Dayton C. Miller Flute Collection

A New Catalog

The new catalog we are now publishing online and, eventually, in print is essentially a second enlarged edition of The Dayton C. Miller Flute Collection: A Checklist of the Instruments, compiled by Laura E. Gilliam and William J. Lichtenwanger (Washington, D.C.: Library of Congress, 1961). It is offered partially to answer various inquiries about the collection's instrument holdings. Most researchers will need to use only portions of it for specialized areas, such as the work of one maker or a particular period, place, or ethnic topic. Moreover, we have observed that follow-up inquiries frequently progress to appointments for making personal observations and measurements rather than requests for whatever additional information might be contained in an illustrated museum catalog.

This catalog has been compiled to revise and slightly expand information about the flutes and other wind instruments collected by Dayton C. Miller (DCM). New information and observations about many specimens have surfaced frequently since the 1961 checklist and more instruments have been accessioned in the spirit Dr. Miller would have endorsed had he lived to realize the plan of continuing as Honorary Curator of his collection at the Library. He died in 1941 just before the collection was moved from his home in Cleveland to Washington, D.C.

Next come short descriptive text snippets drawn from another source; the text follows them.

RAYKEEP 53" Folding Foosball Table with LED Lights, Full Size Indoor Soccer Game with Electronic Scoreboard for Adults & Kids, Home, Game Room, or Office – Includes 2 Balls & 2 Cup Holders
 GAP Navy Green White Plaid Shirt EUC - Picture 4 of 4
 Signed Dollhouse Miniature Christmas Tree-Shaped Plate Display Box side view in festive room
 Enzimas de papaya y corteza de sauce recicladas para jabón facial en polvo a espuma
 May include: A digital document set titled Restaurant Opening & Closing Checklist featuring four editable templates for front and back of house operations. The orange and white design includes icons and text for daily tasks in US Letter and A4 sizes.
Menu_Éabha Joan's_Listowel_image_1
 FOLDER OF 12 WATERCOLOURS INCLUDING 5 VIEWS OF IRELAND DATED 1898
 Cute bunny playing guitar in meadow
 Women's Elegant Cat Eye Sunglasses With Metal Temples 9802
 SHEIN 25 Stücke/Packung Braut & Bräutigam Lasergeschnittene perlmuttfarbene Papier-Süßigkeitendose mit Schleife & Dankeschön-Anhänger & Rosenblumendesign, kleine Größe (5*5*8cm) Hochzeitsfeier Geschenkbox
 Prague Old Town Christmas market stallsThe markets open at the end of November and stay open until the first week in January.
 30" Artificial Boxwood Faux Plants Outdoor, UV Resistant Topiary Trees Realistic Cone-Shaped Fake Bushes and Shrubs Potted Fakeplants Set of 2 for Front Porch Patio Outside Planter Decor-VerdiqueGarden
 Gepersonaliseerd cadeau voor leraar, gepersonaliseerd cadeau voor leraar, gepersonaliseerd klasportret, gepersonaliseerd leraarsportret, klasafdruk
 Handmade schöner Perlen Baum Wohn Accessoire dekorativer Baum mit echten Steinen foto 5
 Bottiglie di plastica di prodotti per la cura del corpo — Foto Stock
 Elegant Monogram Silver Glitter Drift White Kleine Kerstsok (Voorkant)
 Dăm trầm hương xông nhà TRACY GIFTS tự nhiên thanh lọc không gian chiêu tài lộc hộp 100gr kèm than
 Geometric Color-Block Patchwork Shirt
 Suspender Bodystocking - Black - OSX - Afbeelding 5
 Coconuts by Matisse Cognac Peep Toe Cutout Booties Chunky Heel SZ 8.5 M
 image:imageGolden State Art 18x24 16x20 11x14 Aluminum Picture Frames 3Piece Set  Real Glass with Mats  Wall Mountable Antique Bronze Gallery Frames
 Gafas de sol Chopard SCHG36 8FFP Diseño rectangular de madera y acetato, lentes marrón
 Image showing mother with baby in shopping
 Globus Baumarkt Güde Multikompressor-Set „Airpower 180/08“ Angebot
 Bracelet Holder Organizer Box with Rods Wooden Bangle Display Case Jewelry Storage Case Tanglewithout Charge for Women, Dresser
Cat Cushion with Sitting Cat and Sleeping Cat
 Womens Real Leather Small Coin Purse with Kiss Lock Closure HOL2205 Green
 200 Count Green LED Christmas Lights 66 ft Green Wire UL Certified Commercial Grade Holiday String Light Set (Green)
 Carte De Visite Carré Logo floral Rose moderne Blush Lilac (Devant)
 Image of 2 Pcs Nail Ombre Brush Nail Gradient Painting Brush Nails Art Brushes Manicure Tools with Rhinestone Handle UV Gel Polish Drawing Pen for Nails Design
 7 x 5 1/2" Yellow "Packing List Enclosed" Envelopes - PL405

We have corrected and updated terminology from the 1961 checklist, although we acknowledge that terminology is still subject to varying usage. In the case of certain instruments, especially non-Western, we assume that Dr. Miller sometimes took at face value the nomenclature or identification offered by sellers or donors. For a European example, several flageolets (vertical whistle flutes) of neither French nor English origin were accepted by Dr. Miller as Csakans, so-called, and in this catalog we continue to use that term. It may or may not be the most accurate term for the objects involved, but it was understood by Dr. Miller to be accurate or sufficient at the time.

A few rather obvious identification errors have been addressed in this catalog, such as instrument DCM 0036, a late-nineteenth-century boxwood four-keyed flute of inexpensive quality which Dr. Miller obtained from a 1913 estate sale in Cleveland. When acquired, the instrument had a late-nineteenth-century brass cornet mute jammed over the end of its foot joint which was left in place and identified in Miller's ledger book as an "experimental brass bell." The mute is now DCM 1435 and becomes one of several non-woodwind-related items in the collection. Why the two objects were left joined together in the holdings of a knowledgeable collector is an entertaining mystery, but as a physicist and acoustician Dr. Miller had strong precedent for acquiring an interesting brasswind item which he might have thought to have some future value for acoustical research. Miller's vast library of music-related materials includes, for example, dozens of wind instrument patents from France, Germany, Belgium, the U.K., and the U.S.A., including most of the important American nineteenth-century brasswind patents granted to such American brass-band-movement manufacturing luminaries as Isaac Fiske, Henry Lennert, and Charles Gerard Conn.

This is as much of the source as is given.